As for what I think of them, I think they are great if you have the money in your budget to hire one. I don’t! I did use family members as virtual assistants for my very first novel, “The 12/59 Shuttle From Yesterday to Today,” but I couldn’t talk them into it for the next nine books, so I’m on my own. That’s all a long-winded way of saying if you can afford one, I really don’t see a downside to doing so, as long as parameters are set and communication is good between you, the writer, and the virtual assistant.
From Rasma: “Taking a giant step backwards in order to catch up and glad I caught this mailbag.

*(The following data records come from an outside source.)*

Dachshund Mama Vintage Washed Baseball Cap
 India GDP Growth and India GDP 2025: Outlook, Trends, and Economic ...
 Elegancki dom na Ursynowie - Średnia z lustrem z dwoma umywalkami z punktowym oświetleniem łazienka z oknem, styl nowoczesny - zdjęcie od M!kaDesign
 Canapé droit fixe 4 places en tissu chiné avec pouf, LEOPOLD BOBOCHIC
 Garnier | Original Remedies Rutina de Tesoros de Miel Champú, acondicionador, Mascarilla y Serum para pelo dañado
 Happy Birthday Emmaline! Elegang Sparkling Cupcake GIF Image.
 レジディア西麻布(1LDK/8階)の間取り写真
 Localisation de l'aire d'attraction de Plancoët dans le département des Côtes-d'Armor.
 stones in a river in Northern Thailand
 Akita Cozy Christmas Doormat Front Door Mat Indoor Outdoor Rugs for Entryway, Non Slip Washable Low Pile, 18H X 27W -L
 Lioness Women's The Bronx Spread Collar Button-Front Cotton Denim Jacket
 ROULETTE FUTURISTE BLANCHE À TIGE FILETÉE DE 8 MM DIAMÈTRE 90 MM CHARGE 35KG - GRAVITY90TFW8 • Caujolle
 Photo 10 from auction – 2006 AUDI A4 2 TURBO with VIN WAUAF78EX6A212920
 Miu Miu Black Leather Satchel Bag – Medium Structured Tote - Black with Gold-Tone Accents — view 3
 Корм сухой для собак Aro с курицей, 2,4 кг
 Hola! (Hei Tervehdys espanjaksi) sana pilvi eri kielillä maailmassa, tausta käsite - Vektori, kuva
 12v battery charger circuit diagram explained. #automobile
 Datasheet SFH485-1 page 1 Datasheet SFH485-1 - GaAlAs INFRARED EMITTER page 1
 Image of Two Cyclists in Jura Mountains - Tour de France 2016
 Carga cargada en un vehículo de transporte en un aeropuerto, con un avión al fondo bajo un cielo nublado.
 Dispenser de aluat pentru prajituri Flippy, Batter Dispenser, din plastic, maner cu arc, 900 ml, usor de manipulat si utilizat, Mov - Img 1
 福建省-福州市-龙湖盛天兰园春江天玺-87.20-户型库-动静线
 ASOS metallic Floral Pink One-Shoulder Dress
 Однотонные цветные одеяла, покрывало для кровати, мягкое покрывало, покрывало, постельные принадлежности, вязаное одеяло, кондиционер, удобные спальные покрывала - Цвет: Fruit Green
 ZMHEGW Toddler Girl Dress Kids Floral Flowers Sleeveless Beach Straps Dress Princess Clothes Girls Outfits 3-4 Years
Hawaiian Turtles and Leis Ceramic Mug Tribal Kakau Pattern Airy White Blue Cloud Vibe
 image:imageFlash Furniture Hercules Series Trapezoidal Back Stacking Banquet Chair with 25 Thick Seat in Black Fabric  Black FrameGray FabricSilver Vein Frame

It made me fondly smile knowing that at least for now the greatest and best challenge I can get through is the April poetry challenge that comes every year. In regards to writing and to poetry as well do the topics have to be seasonal or is it perfectly alright to write about the summer during the winter and vice versa? I am not referring to novels just to stories and of course to verse.”
Rasma, in almost three years of the Mailbag, this question has never come up, so congrats. In fact, this week we have several questions we’ve never seen before, so very cool!
The only time, in my opinion, that it is important when you post a seasonal piece of writing, is when you are writing an informational article about a particular season. For example, if I’m writing a Christmas recipe, and I want it to gain maximum online exposure, the best time to post it online is about six months in advance. It takes about five or six months for an article to gain traction online; thus the six month suggestion.
If you are simply doing creative writing or poetry, my first reaction is probably the same reaction I’ll have next week or next month or in ten years: there is no deadline for great writing! A great poem about Christmas will be a great poem whether it is published in June or December. Just my opinion, of course, but I happen to think I’m right on this. I have nothing to back up my opinion, so take it with a grain of salt.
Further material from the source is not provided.